“Un marché énorme”, acquiescent en chœur les trois fondateurs d'AJ Stage, attablés autour d'un café dans une brasserie du boulevard Sébastopol. A 25 ans, ils ont découvert le filon : ils viennent de créer le premier cabinet de recrutement pour stagiaires. Jean-Philippe, Guillaume et Simon se sont connus sur les bancs du lycée Hoche à Versailles, ont poursuivi leurs études dans la finance ou en école d'ingénieurs et, “après plein de stages”, ils ont décidé de lancer leur site “combinant une technologie de tri basée sur un algorithme de matching entre besoins de l'entreprise et compétences du candidat”.
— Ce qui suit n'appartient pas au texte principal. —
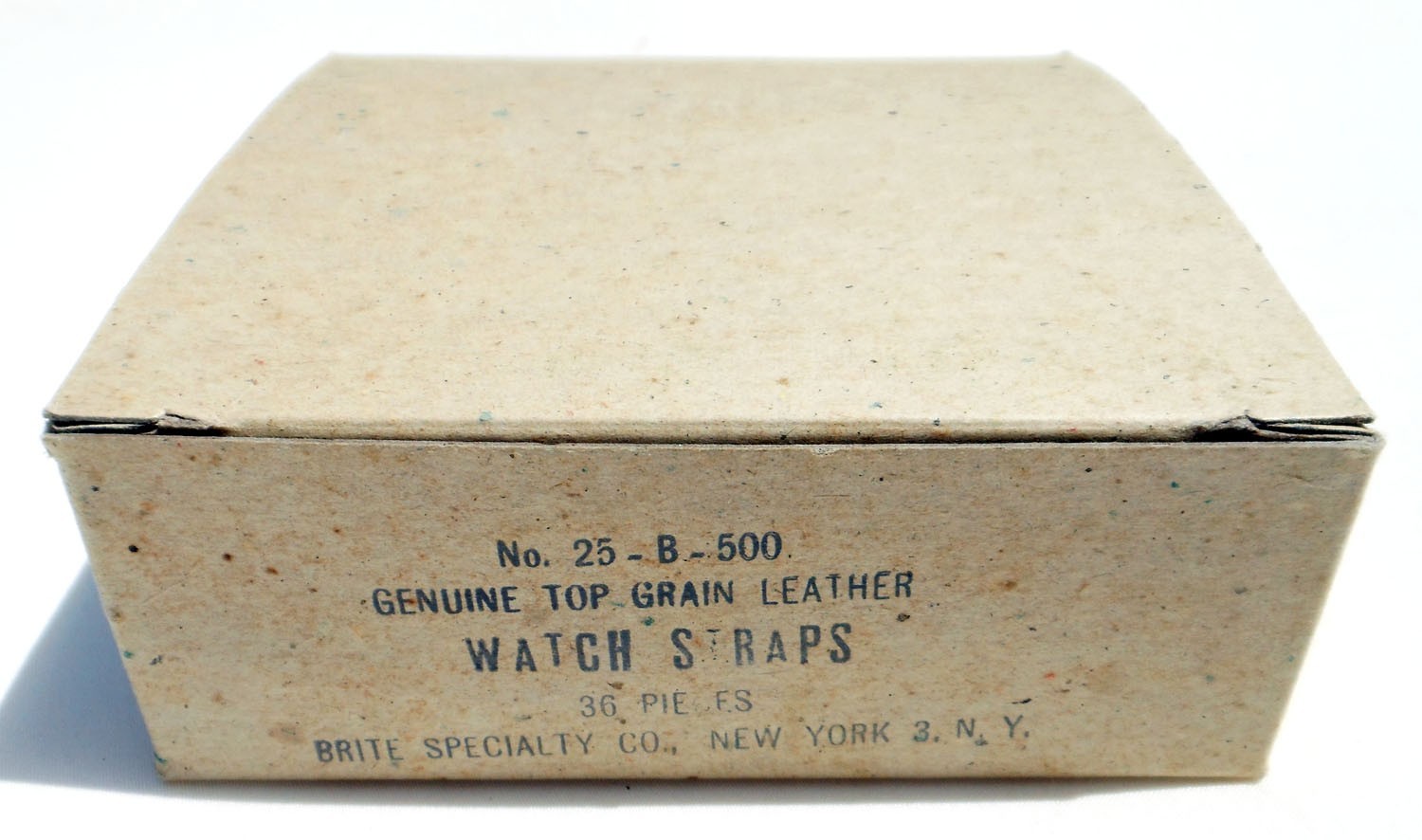 TWO (2) MINT ORIG WW2 1944-DATED GI-ISSUE BROWN LEATHER WATCH BANDS, GOATSKIN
Leur constat : en ces temps de crise, même pour trouver un stage, c'est la galère. Car si 20 à 25% des stages s'obtiennent par piston, il y a des filières complètement bouchées : “A la fac, t'es mal. Il n'y a aucun réseau”. Et pour le dérivé du stage, nommé apprentissage, c'est carrément chaud : “On a des étudiants qui nous disent : dans dix jours, si je trouve pas mon entreprise, je suis obligé d'arrêter mon école”.
Entre 400 et 700 euros par stagiaire recruté
AJ Stage propose donc d'aider entreprises et étudiants dans leur quête. Pour chaque annonce, seuls les cinq meilleurs CV sont présentés en entretien. Autre spécificité du site : “On les briefe tous au téléphone mais pas plus de dix minutes, on n'est pas conseillers d'orientation”. Et ceux qui sont laissés sur le carreau peuvent bénéficier de conseils pour leur CV : “C'est gratuit pour les stagiaires mais payant pour les entreprises. Les entreprises ne paient que si le recrutement a effectivement lieu. On est facturé au succès, comme les cabinets”, ajoute Simon, le plus financier des trois. En moyenne, ils touchent entre 400 et 700 euros par stagiaire recruté.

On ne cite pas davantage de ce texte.